Records for this exercise:
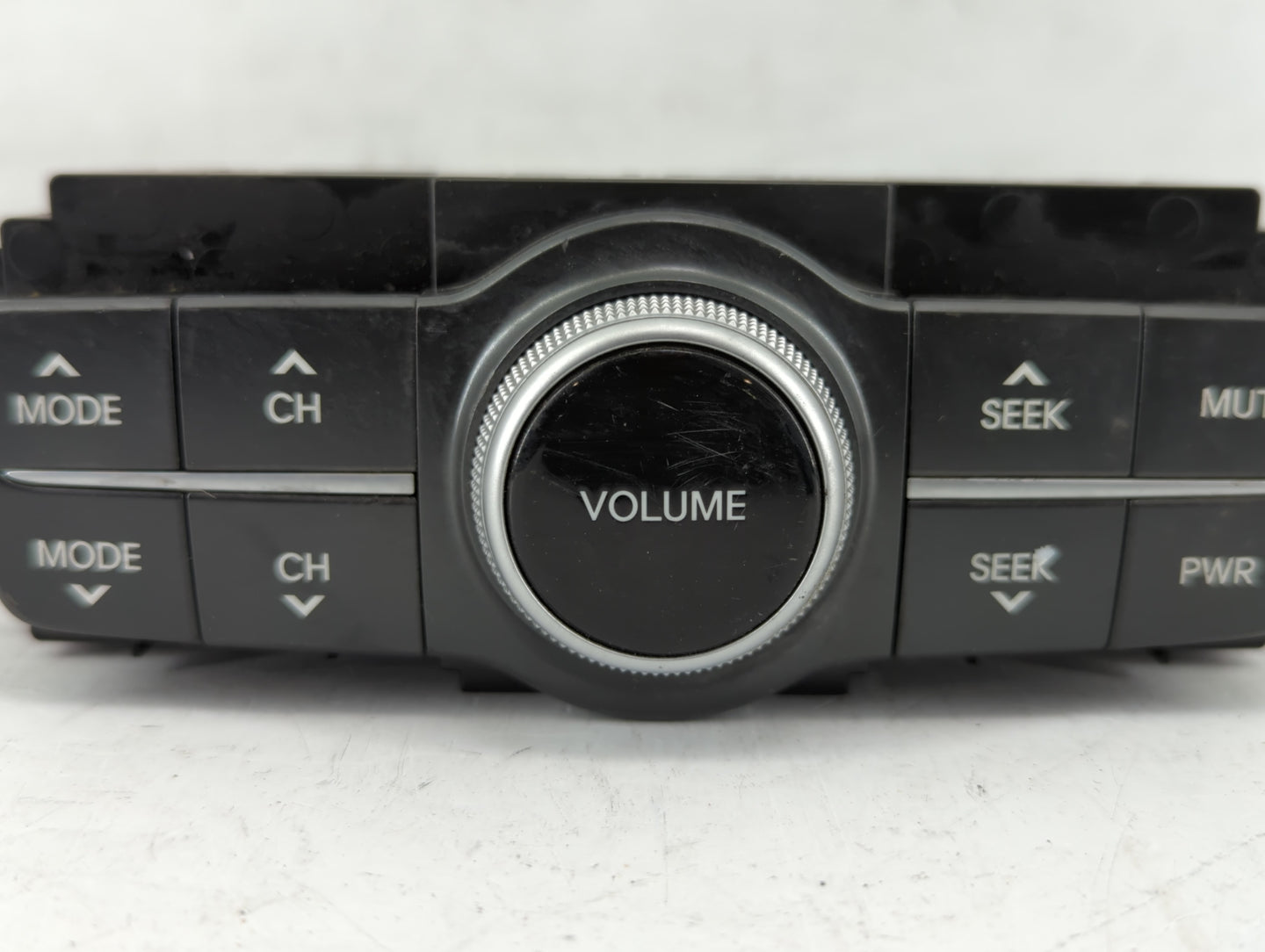 2011-2013 Hyundai Equus Radio AM FM Cd Player Receiver Replacement Fits Fits 2011 2012 2013 OEM Used Auto Parts - Oemusedaut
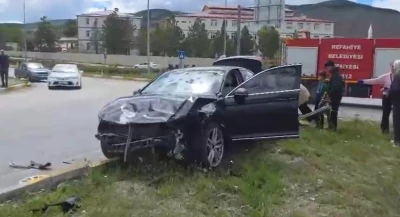 Refahiye&rsquo;de iki otomobil &ccedil;arpıştı: 6 yaralı
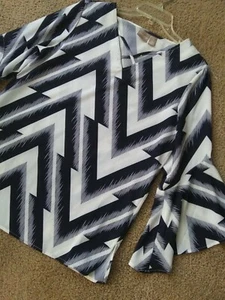 NWOT Chico's Womens Size 0 (Size 4) Boho Strap VNeck Tunic Top 3/4 Bell Sleeves  - Picture 1 of 6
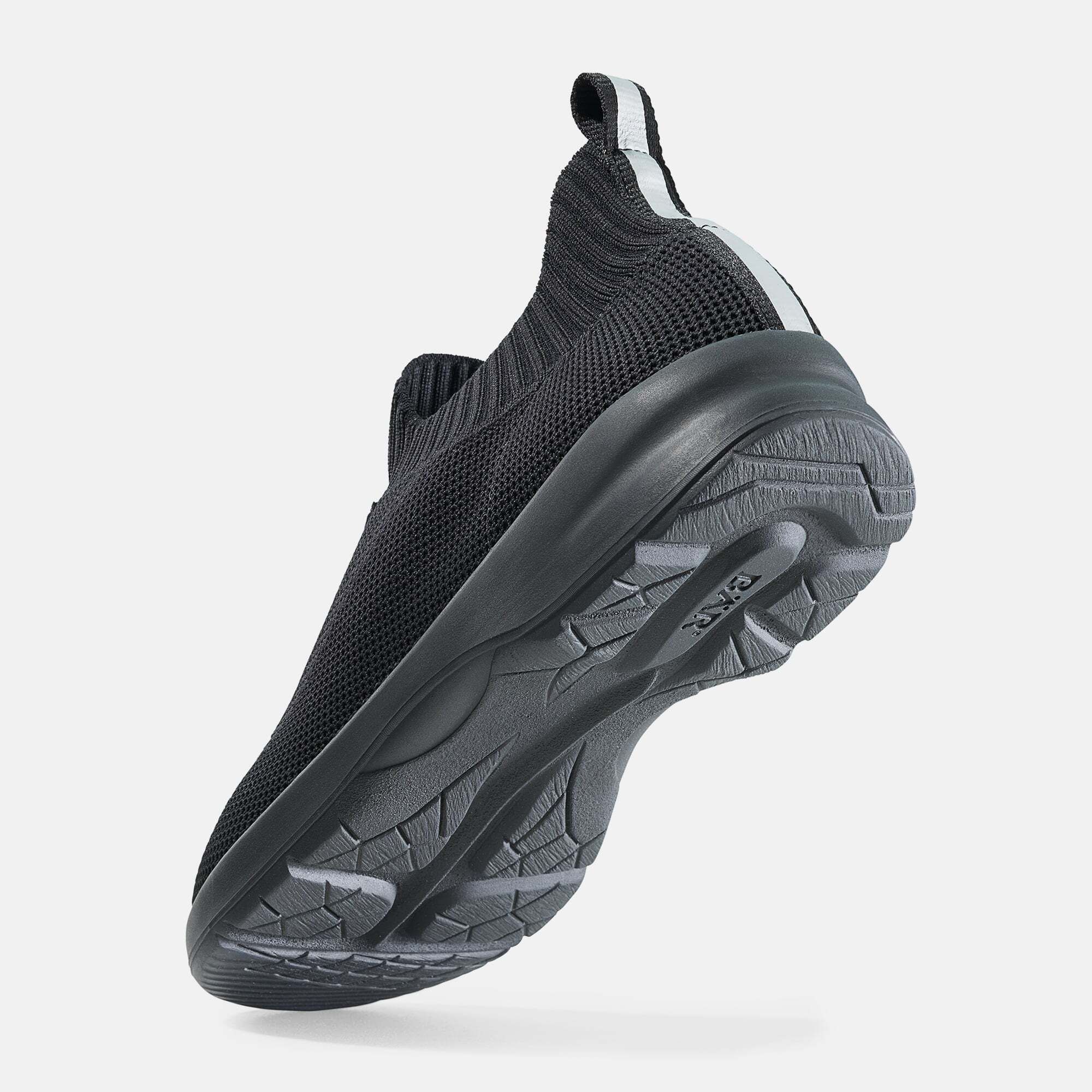 Schwarzer Herren-Schnürschuh. Mesh-Obermaterial, Schnürsenkel, breite Passform. Sohle mit BAR-Logo. Details: Zuglasche mit Streifen.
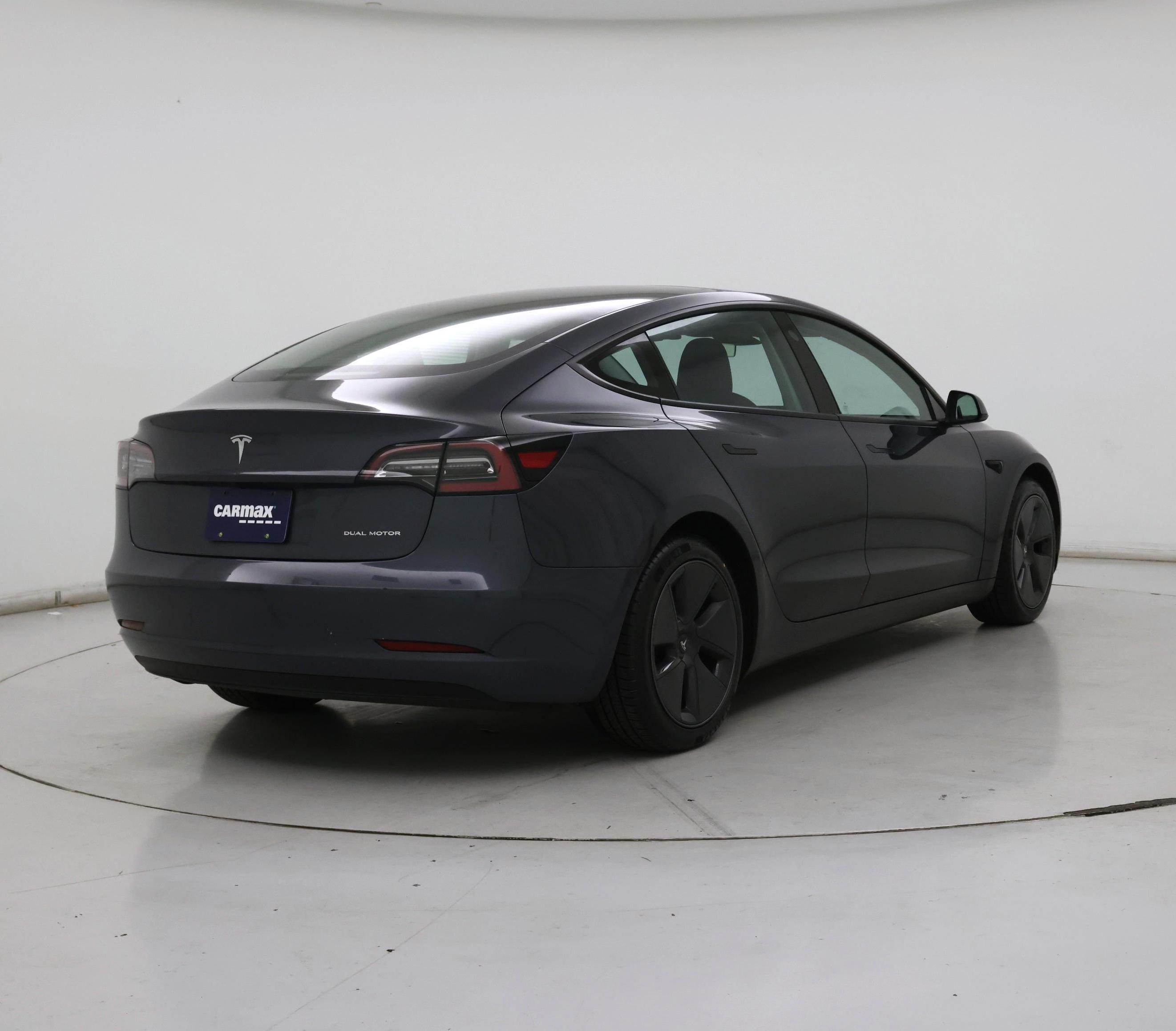 Thumbnail: 2023 Tesla Model 3 - 8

Exercise instructions:
Pictures stay out; reproduce exactly the lines from the one containing "Zuglasche mit Streifen." through the last line of the listing, both included.

Exercise output:
 Schwarzer Herren-Schnürschuh. Mesh-Obermaterial, Schnürsenkel, breite Passform. Sohle mit BAR-Logo. Details: Zuglasche mit Streifen.
 Thumbnail: 2023 Tesla Model 3 - 8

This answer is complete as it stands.